Pemanfaatan pembangkit listrik tenaga panas bumi (PLTP) di Indonesia baru mencapai 11,5 persen dari total potensi nasional. Angka ini masih tergolong rendah jika dibandingkan dengan negara lain seperti Filipina yang sudah memanfaatkan sekitar 48,07 persen dari potensi mereka. Padahal, kapasitas terpasang PLTP Indonesia menempati peringkat kedua terbesar di dunia, di bawah Amerika Serikat.
Kondisi ini memunculkan pertanyaan mengenai kesiapan industri panas bumi nasional dalam mencapai target Rencana Usaha Penyediaan Tenaga Listrik (RUPTL) 2025–2034. Direktur Eksekutif ReforMiner Institute, Komaidi Notonegoro, menyoroti perbedaan capaian ini. “Filipina mampu memanfaatkan sekitar 48,07 persen dari total potensi panas buminya,” ujar Komaidi, mengutip data yang disampaikannya pada Senin (8/12/2025).
Dapatkan berita menarik lainnya di mureks.co.id.
Pertumbuhan kapasitas PLTP di negara lain juga patut dicermati. Turki, misalnya, mencatatkan lonjakan kapasitas tertinggi secara global, tumbuh mencapai 328,23 persen sepanjang dekade terakhir (2014–2024). Sementara itu, RUPTL 2025–2034 menargetkan energi baru dan terbarukan (EBT) berkontribusi antara 51 hingga 61,3 persen dari tambahan kapasitas pembangkit listrik nasional. Dari target tersebut, penambahan kapasitas PLTP ditetapkan sebesar 5,2 gigawatt.
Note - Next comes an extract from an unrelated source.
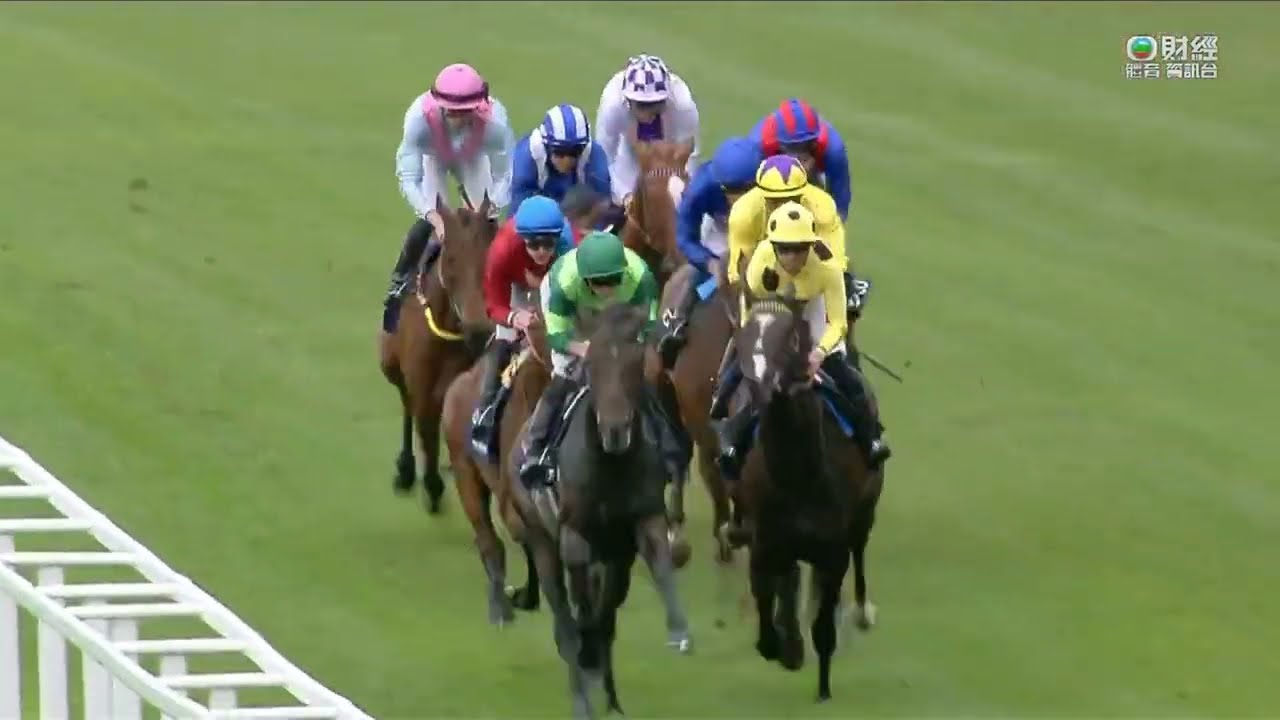 英國冠軍錦標 Champion Stakes 一級賽 G1 1993m 2022-10-15 月桂橋 Bay Bridg 雅士谷馬場 Ascot Racecourse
Panas bumi memiliki keunggulan signifikan sebagai sumber energi. Sektor ini tidak bergantung pada kondisi cuaca, dengan faktor kapasitas pembangkit yang mencapai 90–95 persen, tertinggi di antara pembangkit EBT lainnya. PLTP juga menjadi satu-satunya pembangkit EBT yang mampu beroperasi sebagai beban dasar sistem kelistrikan.
Meskipun demikian, pengembangan industri panas bumi di Indonesia masih berjalan lambat. Salah satu faktor penghambat yang diidentifikasi adalah kondisi pasar listrik panas bumi yang bersifat monopsoni, di mana hanya ada satu pembeli atau single buyer/single offtaker. “Masih banyak proyek yang menunggu kepastian perjanjian jual beli listrik (PJBL) dan uap (PJBU), sementara kewajiban eksplorasi harus dipenuhi lebih dulu,” jelas Komaidi.
Kajian membandingkan keberhasilan Filipina dalam mengembangkan sektor panas bumi, yang didorong oleh perangkat regulasi yang mempermudah akses data, penyederhanaan birokrasi, dan insentif fiskal. Perusahaan transmisi nasional di negara tersebut juga memberikan dukungan penuh dalam proses jual beli listrik panas bumi.
Sementara itu, Turki mempercepat pertumbuhan kapasitas PLTP melalui penerapan feed-in tariff, percepatan perizinan, insentif fiskal, serta jaminan dan kompensasi bagi investor yang terdampak perubahan kebijakan.
Usulan Penyempurnaan Kebijakan
Untuk mengejar target RUPTL, kajian tersebut merekomendasikan sejumlah langkah strategis. Revisi regulasi dasar dan turunan panas bumi perlu dilakukan, termasuk pengaturan posisi panas bumi dalam penyediaan listrik nasional. Penyederhanaan dan kepastian perizinan dengan batas waktu yang jelas juga menjadi prioritas.
Penguatan pelaksanaan Perpres 112/2022 melalui sinergi antar kementerian dan lembaga dinilai krusial. Kepastian jadwal penandatanganan PJBL dan PJBU, terutama dalam kondisi pasar monopsoni, harus diupayakan. Negosiasi tarif listrik dan uap perlu disederhanakan, idealnya hanya mencakup harga dasar dan eskalasi.
Pemerintah diharapkan dapat melakukan intervensi jika negosiasi harga tidak mencapai kesepakatan dalam batas waktu yang wajar. Selain itu, perbaikan skema pembelian tenaga listrik diperlukan. Ketentuan Harga Patokan Tertinggi dalam Perpres 112/2022 mengasumsikan pengembang mendapat dukungan pemerintah seperti government drilling atau pembiayaan risiko eksplorasi, namun hal ini belum banyak terealisasi.
“Jika akses terhadap fasilitas pendanaan dan dukungan pemerintah masih terbatas, maka ketentuan harga tidak akan sejalan dengan struktur biaya di lapangan,” tegas Komaidi. Ia menekankan bahwa penyempurnaan kebijakan merupakan kunci agar PLTP dapat berkembang sesuai target dan berperan strategis dalam transisi energi nasional.